А вот с четой Мережковских у Мандельштама заладилось, но не очень. «К нему вышла Зинаида Гиппиус и сказала, что, если он будет писать хорошие стихи, ей об этом сообщат; тогда она с ним поговорит, а пока что – не стоит, потому что ни из кого не выходит толку»[100]. Так описана первая встреча Мандельштама с Гиппиус в мемуарах Надежды Яковлевны. «Кто-то прислал ко мне юного поэта, маленького, темненького, сутулого, такого скромного, такого робкого, что он читал едва слышно, и руки у него были мокрые и холодные. Ничего о нем раньше мы не знали, кто его прислал – не помню (может быть, он сам пришел), к юным поэтам я имею большое недоверие, стихи его были далеко не совершенны, и мне все-таки, с несомненностью, показалось, что они не совсем в ряд тех, которые приходится десятками слушать каждый день». Так вспоминала о своей встрече с Мандельштамом сама Зинаида Гиппиус[101].

Вероятно, ее версия была несколько ближе к действительности, чем вариант мандельштамовской вдовы, ведь в дневниковой записи Михаила Кузмина от 15 февраля 1909 года впервые упоминаемый Мандельштам обозван «Зинаидиным жидком»[102]. Выходит, что Гиппиус сочла нужным поделиться с коллегами по цеху своими впечатлениями от знакомства с новым молодым поэтом. Однако в письме Мандельштама к Максимилиану Волошину, отправленном в конце сентября 1909 года, с обидой рассказано о том, что, будучи «проездом в Гейдельберге», Дмитрий Сергеевич Мережковский «не пожелал выслушать ни строчки» (IV: 16) стихов «юного поэта».

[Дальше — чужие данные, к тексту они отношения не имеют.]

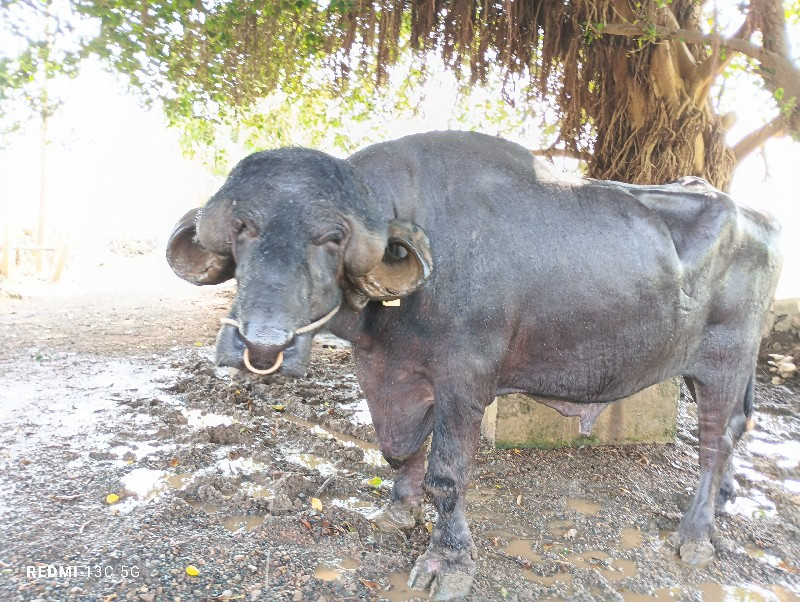 જાફરાબાદી પાડો...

В этом же письме, кстати сказать, оставленном адресатом без ответа, Мандельштам подводит горький и – одновременно – горделивый итог своим попыткам освоиться среди модернистов старшего поколения: «Оторванный от стихии русского языка более чем когда-либо, я вынужден составить сам о себе ясное суждение. Те, кто отказывают мне во внимании, только помогают мне в этом» (IV: 16).

«Символисты никогда его не приняли», – категорично утверждала в своих воспоминаниях о Мандельштаме Анна Ахматова[103].

5

В немецком городке Гейдельберге, где состоялось неудачное свидание Мандельштама с Мережковскими, находится один из самых известных в Европе университетов. «Гейдельберг того времени был Меккой, куда стремилась <…> русская учащаяся молодежь» (А.К. Тимирязев)[104]. Мандельштам приехал сюда в конце сентября – в начале октября 1909 года. 12 ноября он подал заявление с просьбой о зачислении в студенты романо-германского отделения философского факультета. «<П>ровел 2 семестра в Гейдельбергском ун<иверсите>те, занимаясь старофранцузским языком у Фрица <правильно: Фридриха Генриха Георга> Неймана» (из словарной справки)[105]. Впрочем, особого рвения к учебе Мандельштам, как и в Париже, не проявлял.

Основным его занятием в Гейдельберге продолжало оставаться писание стихов. Из них, а также из созданных чуть раньше стихотворений можно понять, какие настроения владели начинающим поэтом.